#### Task inputs
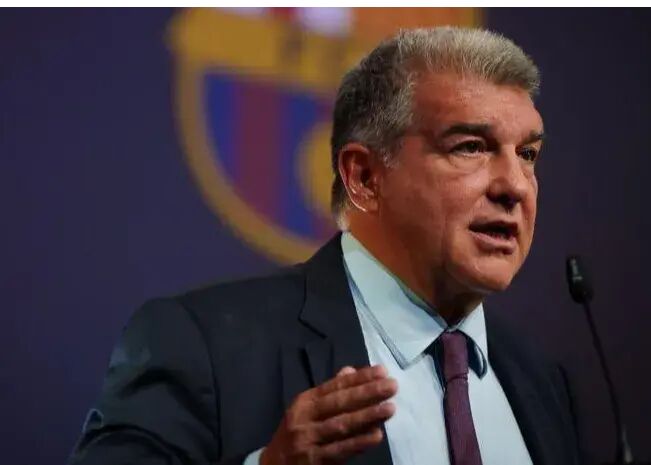 لاپورتا از ریاست بارسلونا استعفا داد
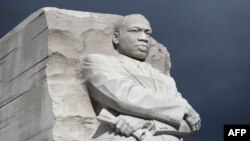 La escultura "Piedra de la Esperanza" en el Monumento a Martin Luther King, Jr. un día antes del Día de Martin Luther King Jr. en Washington, D.C. el 14 de enero de 2024. La festividad celebra el nacimiento del ícono de los derechos civiles. (Foto por Mandel NGAN / AFP)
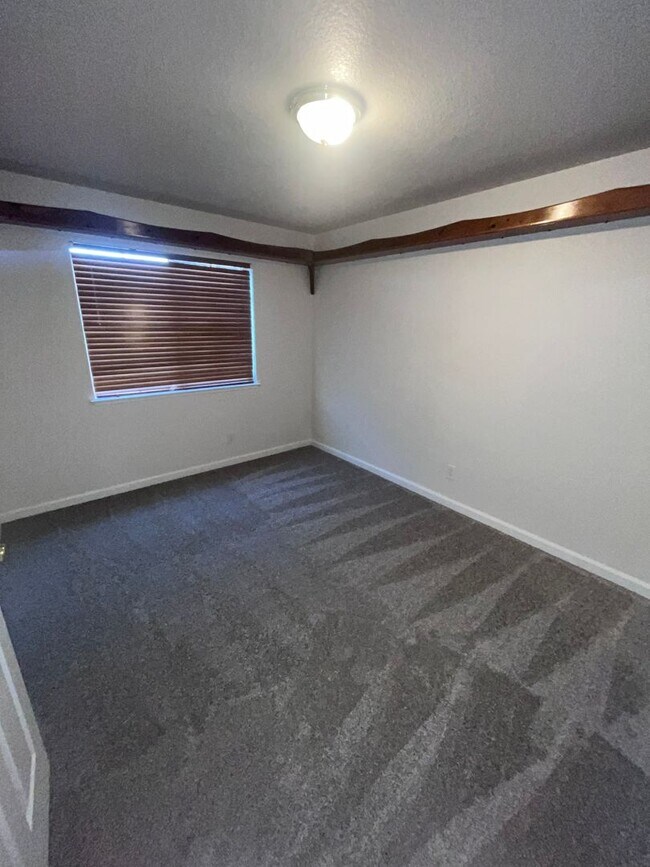 Building Photo - BEAUTIFUL UPDATED HOME IN WEST ROSEVILLE!!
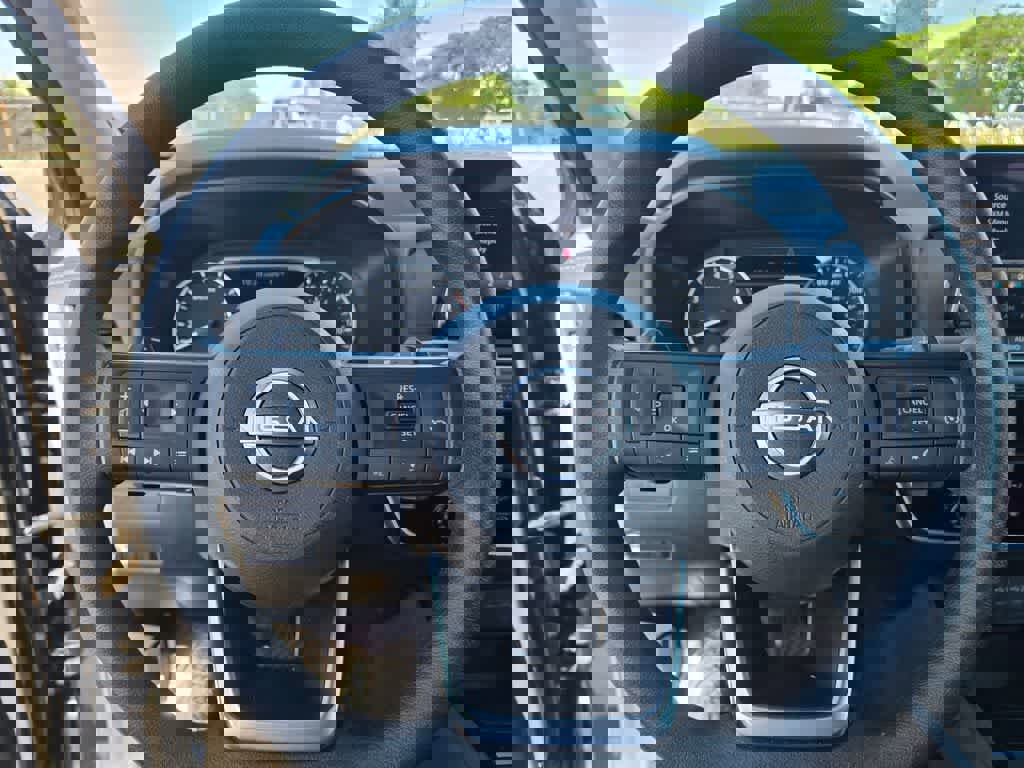 Used 2024 Nissan Rogue S FWD image 22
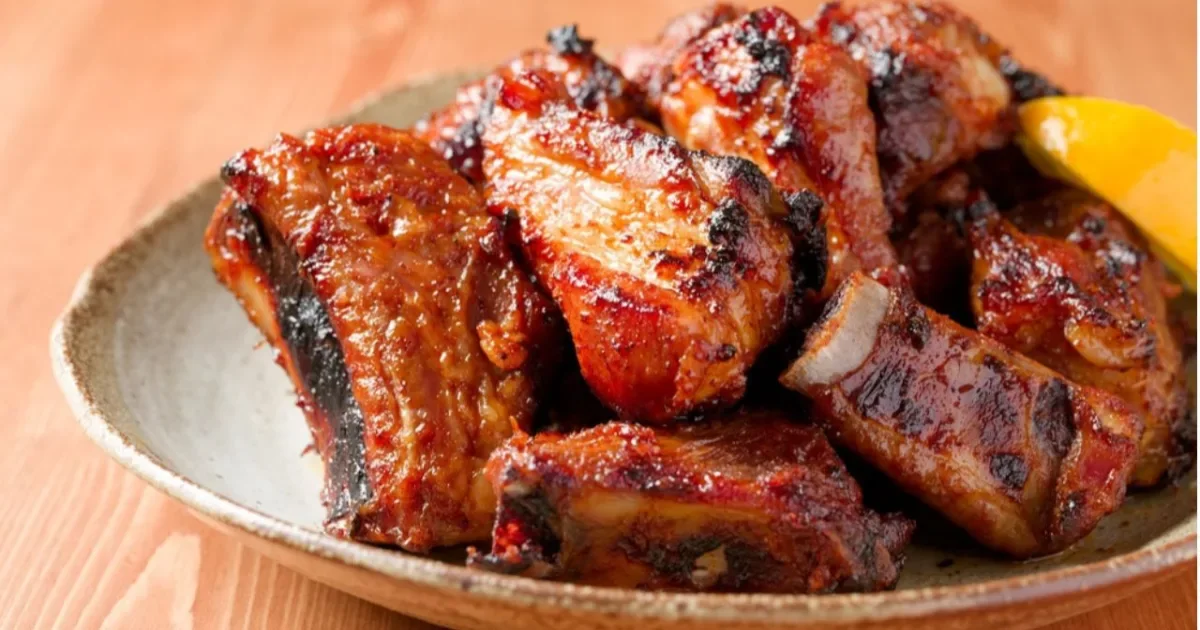 Costelinha na panela de pressão: o segredo para deixar a carne macia por dentro e douradinha por fora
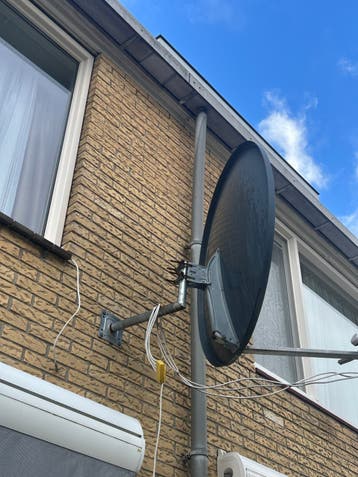 Triax schotelantenne met LNB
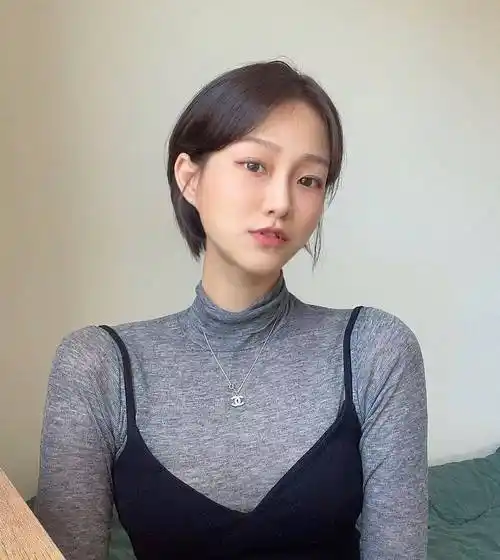 运动女生的短发._中国_发型_形象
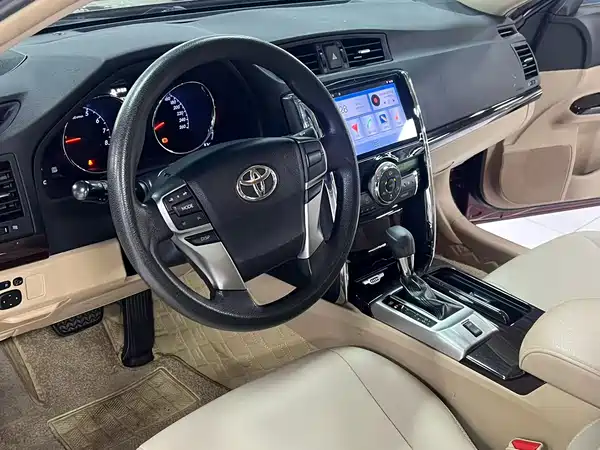 Toyota Reiz 2012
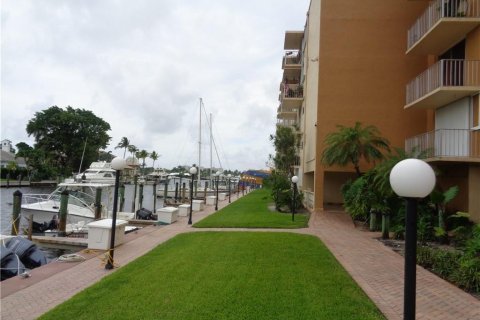 Condominio en alquiler en Fort Lauderdale, Florida, 2 dormitorios, 78.04 m2 № 2260152 - foto 16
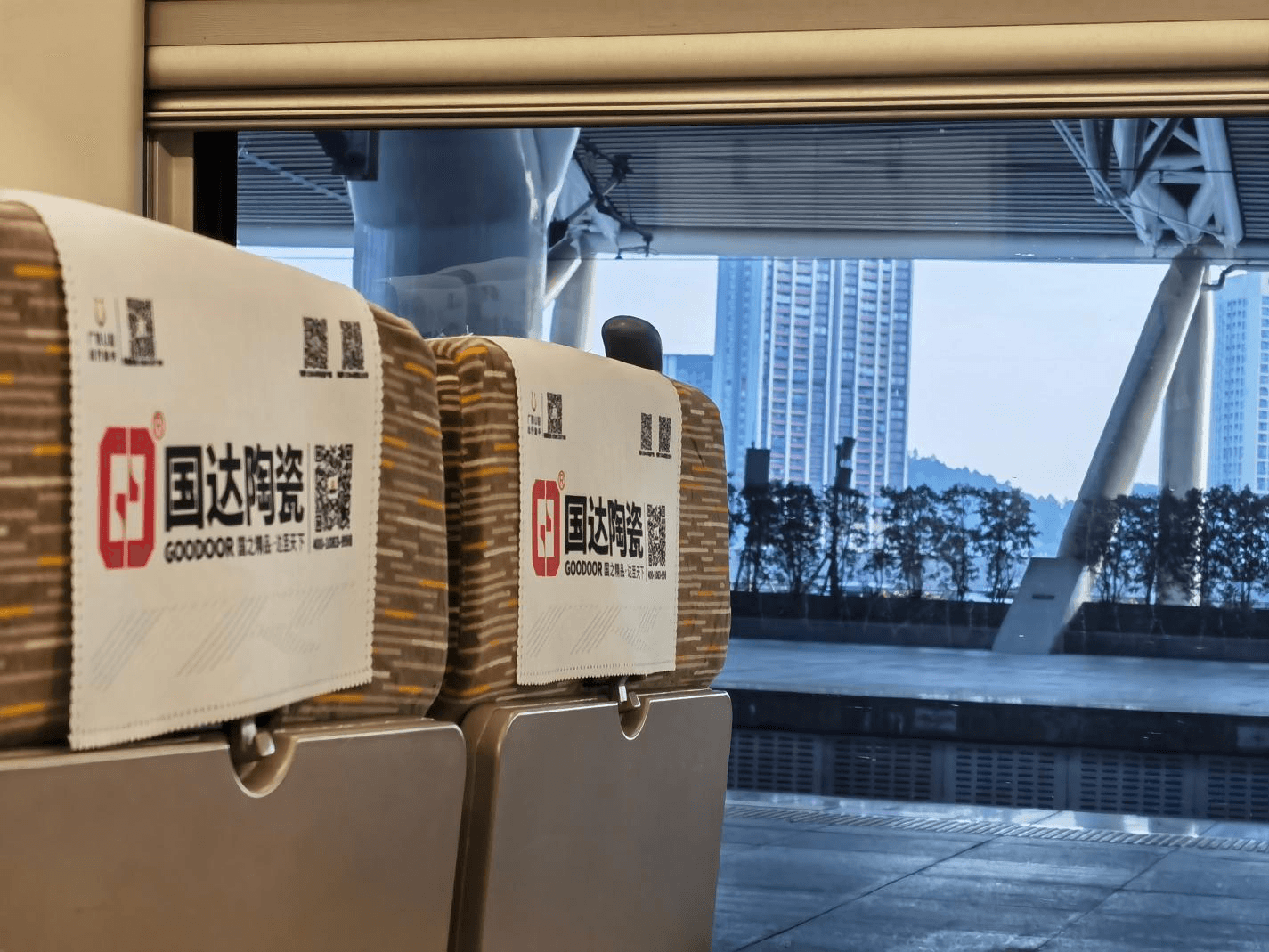 春運高鐵列車頭枕巾廣告價格收費多少？高鐵車廂座椅頭巾廣告案例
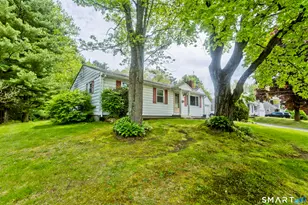 28 Bess Rd, Enfield, CT 06082 - Photo 3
########
# Exercise:
Find the line containing "Building Photo - BEAUTIFUL", then extract it and every line after it to the end of the data above, exactly and nothing else, without pictures.

# Task solution:
 Building Photo - BEAUTIFUL UPDATED HOME IN WEST ROSEVILLE!!
 Used 2024 Nissan Rogue S FWD image 22
 Costelinha na panela de pressão: o segredo para deixar a carne macia por dentro e douradinha por fora
 Triax schotelantenne met LNB
 运动女生的短发._中国_发型_形象
 Toyota Reiz 2012
 Condominio en alquiler en Fort Lauderdale, Florida, 2 dormitorios, 78.04 m2 № 2260152 - foto 16
 春運高鐵列車頭枕巾廣告價格收費多少？高鐵車廂座椅頭巾廣告案例
 28 Bess Rd, Enfield, CT 06082 - Photo 3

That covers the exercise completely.